Data for processing —
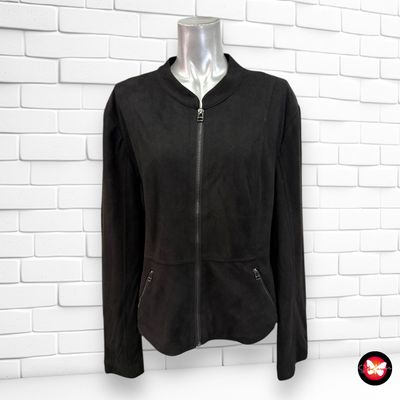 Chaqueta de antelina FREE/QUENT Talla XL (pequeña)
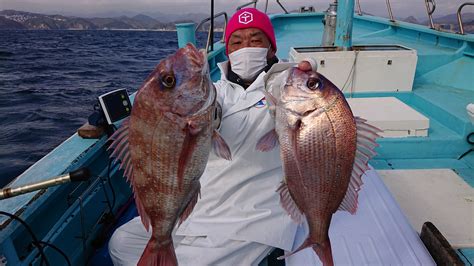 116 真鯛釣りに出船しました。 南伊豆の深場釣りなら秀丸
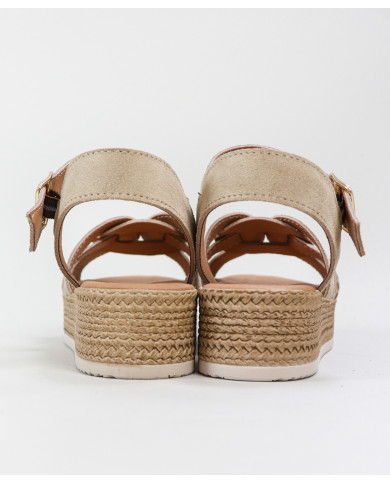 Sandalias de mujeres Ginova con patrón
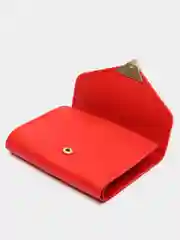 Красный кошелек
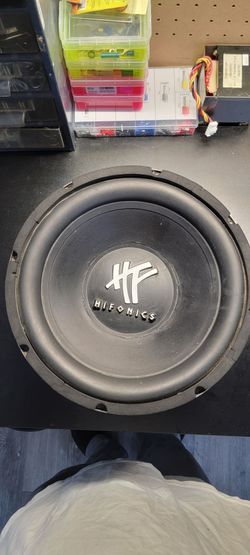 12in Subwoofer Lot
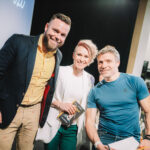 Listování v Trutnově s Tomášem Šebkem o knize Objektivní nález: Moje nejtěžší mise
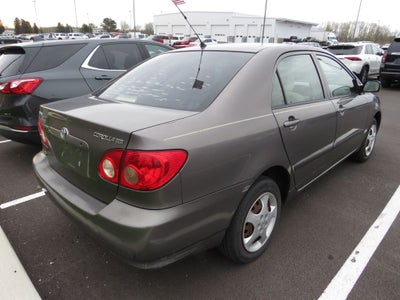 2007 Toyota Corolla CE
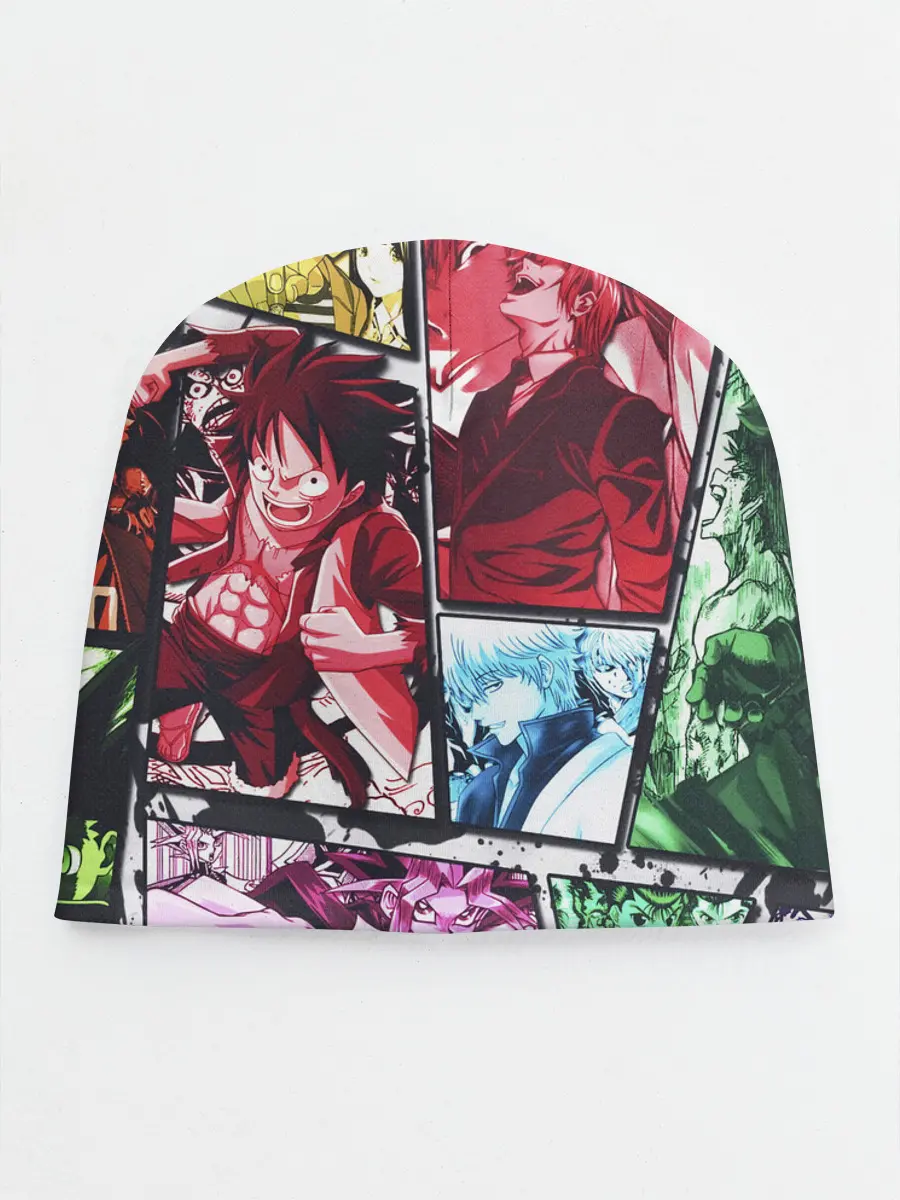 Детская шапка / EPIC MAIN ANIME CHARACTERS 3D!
* * *
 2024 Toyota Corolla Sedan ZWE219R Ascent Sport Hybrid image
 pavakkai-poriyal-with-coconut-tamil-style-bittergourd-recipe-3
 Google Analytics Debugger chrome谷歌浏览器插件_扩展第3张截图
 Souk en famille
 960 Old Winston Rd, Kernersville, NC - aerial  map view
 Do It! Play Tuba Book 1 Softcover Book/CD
...
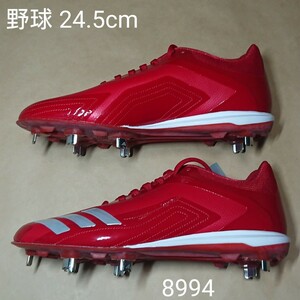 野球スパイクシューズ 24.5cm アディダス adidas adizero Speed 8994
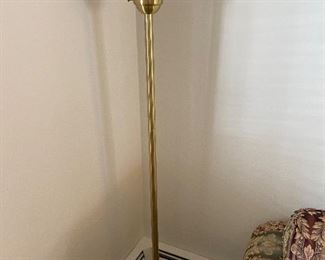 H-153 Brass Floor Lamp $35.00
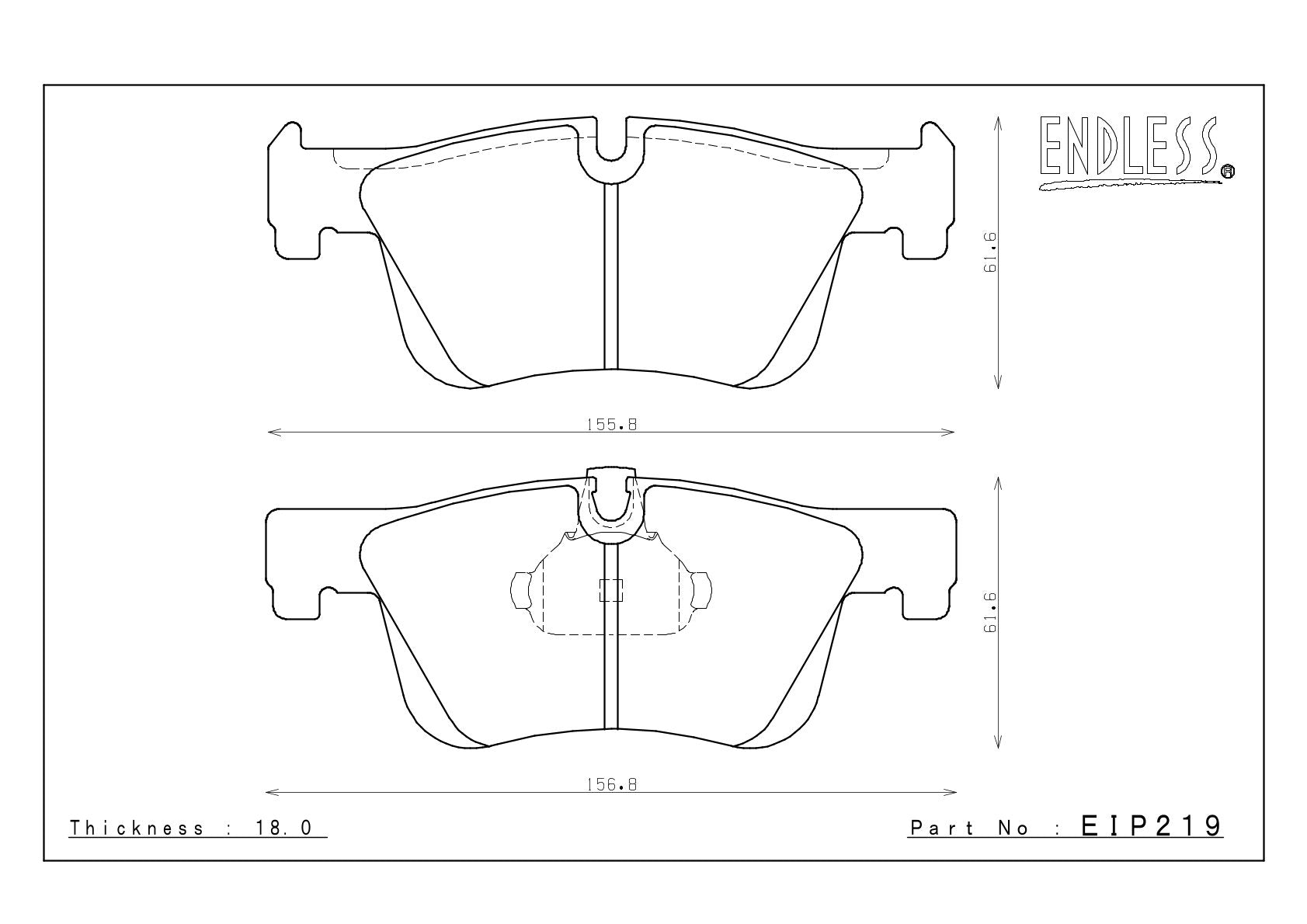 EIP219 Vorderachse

What needs to be done —
The required output is the stretch of entries above from the line containing "pavakkai-poriyal-with-coconut-tamil-style-bittergourd-recipe-3" through the line containing "Do It! Play Tuba Book 1 Softcover Book/CD", reproduced exactly.

Exercise response —
 pavakkai-poriyal-with-coconut-tamil-style-bittergourd-recipe-3
 Google Analytics Debugger chrome谷歌浏览器插件_扩展第3张截图
 Souk en famille
 960 Old Winston Rd, Kernersville, NC - aerial  map view
 Do It! Play Tuba Book 1 Softcover Book/CD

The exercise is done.